Task instructions » Repeat the lines below exactly as written, please, from the line with "Shark - Tail" to the line with "Discover Japanese Anime", both lines included, and no others.

Materials provided »
^^^^^^^^
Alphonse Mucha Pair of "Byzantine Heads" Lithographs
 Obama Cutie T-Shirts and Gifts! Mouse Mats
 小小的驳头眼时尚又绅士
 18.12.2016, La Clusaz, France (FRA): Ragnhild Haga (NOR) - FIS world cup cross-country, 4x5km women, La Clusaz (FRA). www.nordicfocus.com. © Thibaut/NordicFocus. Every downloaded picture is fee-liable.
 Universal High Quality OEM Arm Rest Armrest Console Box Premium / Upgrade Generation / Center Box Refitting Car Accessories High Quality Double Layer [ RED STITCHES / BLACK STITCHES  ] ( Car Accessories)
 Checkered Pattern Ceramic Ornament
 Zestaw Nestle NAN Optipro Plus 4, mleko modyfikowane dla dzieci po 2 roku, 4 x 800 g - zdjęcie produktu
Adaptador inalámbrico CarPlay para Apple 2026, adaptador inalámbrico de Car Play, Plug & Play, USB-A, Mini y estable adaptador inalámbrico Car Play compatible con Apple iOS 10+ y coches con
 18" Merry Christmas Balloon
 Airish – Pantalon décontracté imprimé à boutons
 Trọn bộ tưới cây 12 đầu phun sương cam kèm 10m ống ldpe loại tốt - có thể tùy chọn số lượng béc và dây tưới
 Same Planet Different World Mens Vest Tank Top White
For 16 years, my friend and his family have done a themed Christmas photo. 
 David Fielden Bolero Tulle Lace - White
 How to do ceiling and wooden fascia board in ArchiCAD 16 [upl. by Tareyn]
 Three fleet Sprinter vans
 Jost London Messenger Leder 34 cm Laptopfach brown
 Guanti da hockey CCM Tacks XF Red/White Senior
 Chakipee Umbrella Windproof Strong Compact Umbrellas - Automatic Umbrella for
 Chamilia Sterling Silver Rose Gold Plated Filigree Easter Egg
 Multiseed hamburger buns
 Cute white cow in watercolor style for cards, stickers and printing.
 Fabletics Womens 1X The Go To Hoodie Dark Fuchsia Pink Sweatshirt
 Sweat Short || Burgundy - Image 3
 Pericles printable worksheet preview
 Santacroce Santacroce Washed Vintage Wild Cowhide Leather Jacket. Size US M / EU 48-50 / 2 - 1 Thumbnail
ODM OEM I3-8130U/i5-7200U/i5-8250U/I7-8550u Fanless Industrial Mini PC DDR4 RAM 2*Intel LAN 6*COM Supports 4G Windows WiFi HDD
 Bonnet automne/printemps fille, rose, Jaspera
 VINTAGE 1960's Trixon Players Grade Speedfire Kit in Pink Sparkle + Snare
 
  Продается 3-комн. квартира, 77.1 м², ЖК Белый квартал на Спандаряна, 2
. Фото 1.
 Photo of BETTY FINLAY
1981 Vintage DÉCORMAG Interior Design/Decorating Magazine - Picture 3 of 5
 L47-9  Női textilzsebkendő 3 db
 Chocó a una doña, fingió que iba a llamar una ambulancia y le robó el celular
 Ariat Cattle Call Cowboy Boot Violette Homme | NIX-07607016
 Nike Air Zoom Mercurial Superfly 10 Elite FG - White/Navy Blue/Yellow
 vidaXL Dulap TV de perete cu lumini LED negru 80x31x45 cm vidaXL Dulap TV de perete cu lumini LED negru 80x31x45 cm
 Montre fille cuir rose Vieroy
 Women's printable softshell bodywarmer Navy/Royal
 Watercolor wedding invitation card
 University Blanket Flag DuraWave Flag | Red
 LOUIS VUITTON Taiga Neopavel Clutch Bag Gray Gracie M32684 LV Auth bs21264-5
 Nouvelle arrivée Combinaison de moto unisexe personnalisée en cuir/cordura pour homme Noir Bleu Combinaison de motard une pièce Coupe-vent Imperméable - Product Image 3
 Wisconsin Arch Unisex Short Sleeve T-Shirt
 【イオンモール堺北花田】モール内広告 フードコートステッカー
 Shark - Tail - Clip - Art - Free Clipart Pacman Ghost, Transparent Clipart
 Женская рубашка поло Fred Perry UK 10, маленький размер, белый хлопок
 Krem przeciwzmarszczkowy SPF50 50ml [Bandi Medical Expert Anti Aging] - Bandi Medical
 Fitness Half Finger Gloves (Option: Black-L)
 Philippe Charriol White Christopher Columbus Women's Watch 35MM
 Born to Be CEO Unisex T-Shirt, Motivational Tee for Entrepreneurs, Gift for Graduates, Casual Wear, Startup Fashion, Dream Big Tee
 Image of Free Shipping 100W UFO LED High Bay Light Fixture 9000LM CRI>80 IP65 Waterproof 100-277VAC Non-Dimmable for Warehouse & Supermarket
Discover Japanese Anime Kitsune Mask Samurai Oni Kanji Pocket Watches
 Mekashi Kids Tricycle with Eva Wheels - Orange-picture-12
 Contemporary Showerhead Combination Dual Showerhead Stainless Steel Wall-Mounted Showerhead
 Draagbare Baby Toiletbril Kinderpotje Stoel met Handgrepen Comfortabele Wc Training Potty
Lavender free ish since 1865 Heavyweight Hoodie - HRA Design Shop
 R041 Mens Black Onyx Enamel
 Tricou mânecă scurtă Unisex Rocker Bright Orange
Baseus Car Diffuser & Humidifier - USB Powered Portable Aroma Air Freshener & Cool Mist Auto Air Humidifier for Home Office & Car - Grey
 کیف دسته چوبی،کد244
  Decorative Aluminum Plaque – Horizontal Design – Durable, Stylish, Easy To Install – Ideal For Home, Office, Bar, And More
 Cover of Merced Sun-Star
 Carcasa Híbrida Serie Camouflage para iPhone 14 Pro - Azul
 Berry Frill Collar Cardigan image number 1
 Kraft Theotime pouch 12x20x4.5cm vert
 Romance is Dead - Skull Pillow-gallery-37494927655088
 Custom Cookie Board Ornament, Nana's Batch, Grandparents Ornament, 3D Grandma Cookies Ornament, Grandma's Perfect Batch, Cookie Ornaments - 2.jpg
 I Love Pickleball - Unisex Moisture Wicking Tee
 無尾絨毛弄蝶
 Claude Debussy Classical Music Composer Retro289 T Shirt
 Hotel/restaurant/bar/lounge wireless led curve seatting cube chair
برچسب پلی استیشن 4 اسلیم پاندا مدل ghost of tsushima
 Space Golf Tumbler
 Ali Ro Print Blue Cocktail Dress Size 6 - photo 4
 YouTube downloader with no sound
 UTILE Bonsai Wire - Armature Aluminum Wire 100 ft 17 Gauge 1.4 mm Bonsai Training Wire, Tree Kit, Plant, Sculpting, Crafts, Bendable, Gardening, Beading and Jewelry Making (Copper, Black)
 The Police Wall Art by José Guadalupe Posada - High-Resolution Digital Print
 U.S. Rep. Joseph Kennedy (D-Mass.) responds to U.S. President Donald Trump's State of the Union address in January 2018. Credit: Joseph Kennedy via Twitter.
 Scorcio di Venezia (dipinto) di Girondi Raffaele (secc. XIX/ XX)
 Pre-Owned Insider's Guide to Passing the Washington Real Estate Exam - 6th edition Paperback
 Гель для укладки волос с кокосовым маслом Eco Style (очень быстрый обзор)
^^^^^^^^
Final answer »
 Shark - Tail - Clip - Art - Free Clipart Pacman Ghost, Transparent Clipart
 Женская рубашка поло Fred Perry UK 10, маленький размер, белый хлопок
 Krem przeciwzmarszczkowy SPF50 50ml [Bandi Medical Expert Anti Aging] - Bandi Medical
 Fitness Half Finger Gloves (Option: Black-L)
 Philippe Charriol White Christopher Columbus Women's Watch 35MM
 Born to Be CEO Unisex T-Shirt, Motivational Tee for Entrepreneurs, Gift for Graduates, Casual Wear, Startup Fashion, Dream Big Tee
 Image of Free Shipping 100W UFO LED High Bay Light Fixture 9000LM CRI>80 IP65 Waterproof 100-277VAC Non-Dimmable for Warehouse & Supermarket
Discover Japanese Anime Kitsune Mask Samurai Oni Kanji Pocket Watches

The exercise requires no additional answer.